» Your instructions
Only the lines below from the one containing "this 820×547 image." through the last line should be set down, exactly as written and with no pictures.

Collected data
= Beginning of Section =

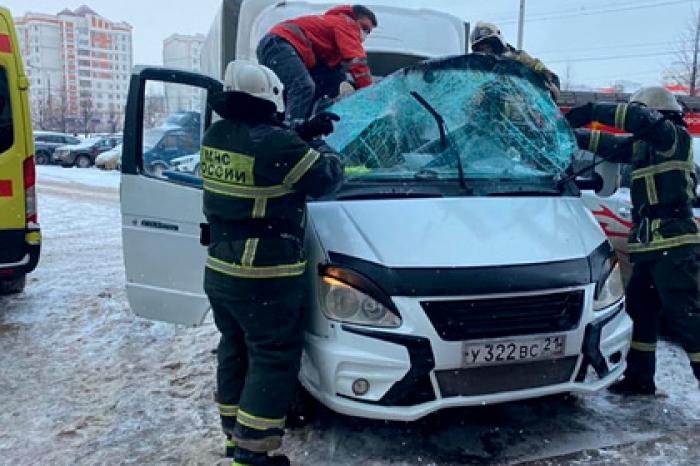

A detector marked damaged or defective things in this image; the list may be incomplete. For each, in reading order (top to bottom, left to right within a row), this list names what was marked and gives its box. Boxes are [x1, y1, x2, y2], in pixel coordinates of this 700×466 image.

damaged windshield [326, 54, 576, 184]
shattered glass [326, 55, 576, 183]
crumpled hood [308, 197, 604, 268]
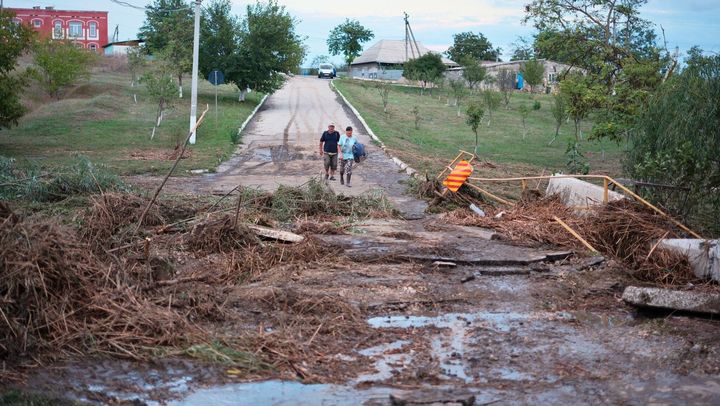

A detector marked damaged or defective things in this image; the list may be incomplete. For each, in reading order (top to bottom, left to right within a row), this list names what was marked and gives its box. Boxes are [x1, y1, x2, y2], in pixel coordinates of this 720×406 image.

broken concrete block [544, 175, 624, 208]
broken concrete block [660, 238, 720, 282]
broken concrete block [620, 284, 720, 316]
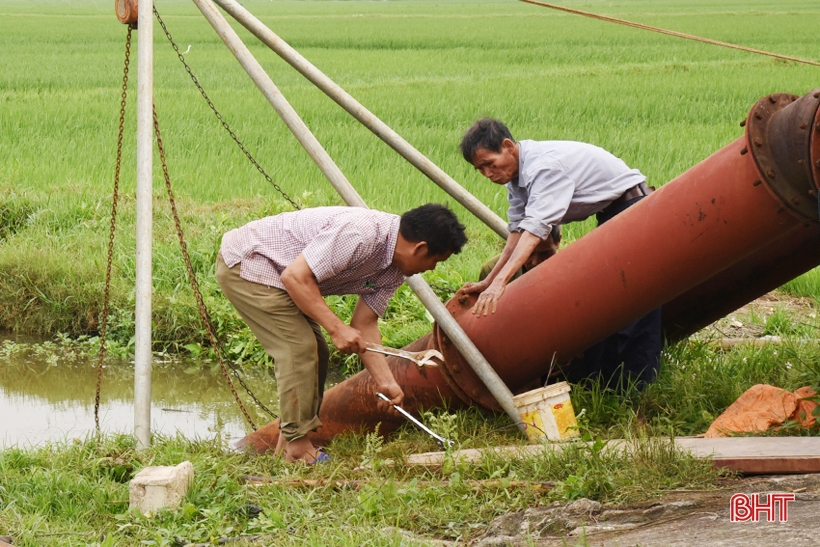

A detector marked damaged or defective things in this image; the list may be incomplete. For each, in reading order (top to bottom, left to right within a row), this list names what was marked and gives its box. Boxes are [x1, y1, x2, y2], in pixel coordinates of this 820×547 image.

large rusty pipe [237, 89, 820, 450]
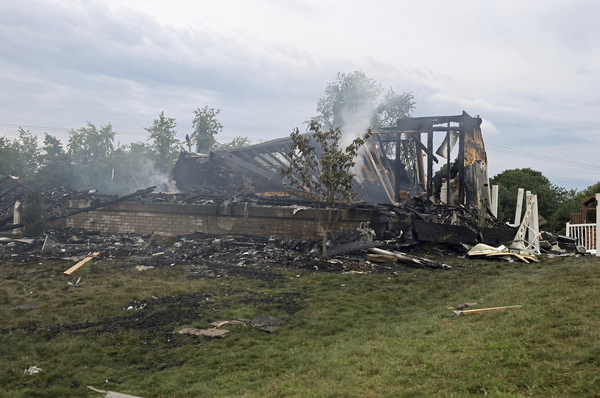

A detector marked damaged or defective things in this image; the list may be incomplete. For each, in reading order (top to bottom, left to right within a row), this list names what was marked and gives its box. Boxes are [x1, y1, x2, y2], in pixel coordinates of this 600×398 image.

charred debris [0, 113, 572, 272]
burned building [171, 109, 490, 208]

= End of Section =

» Task answer
A detector marked damaged or defective things in this image; the list may be incomplete. For each, in reading order (top to bottom, left to right within a row), this list names what was marked and gives its box. Boxes are [x1, y1, x2, y2], in pixel coordinates of this 820×547 image.

large rusty pipe [237, 89, 820, 450]

A detector marked damaged or defective things in this image; the list may be incomplete. For each, in reading order (top to bottom, left to right within a row), this list names what was marked and gives its box. Boxes are [x1, y1, x2, y2], in pixel coordinates of this 600×398 image.

charred debris [0, 113, 572, 272]
burned building [171, 109, 490, 208]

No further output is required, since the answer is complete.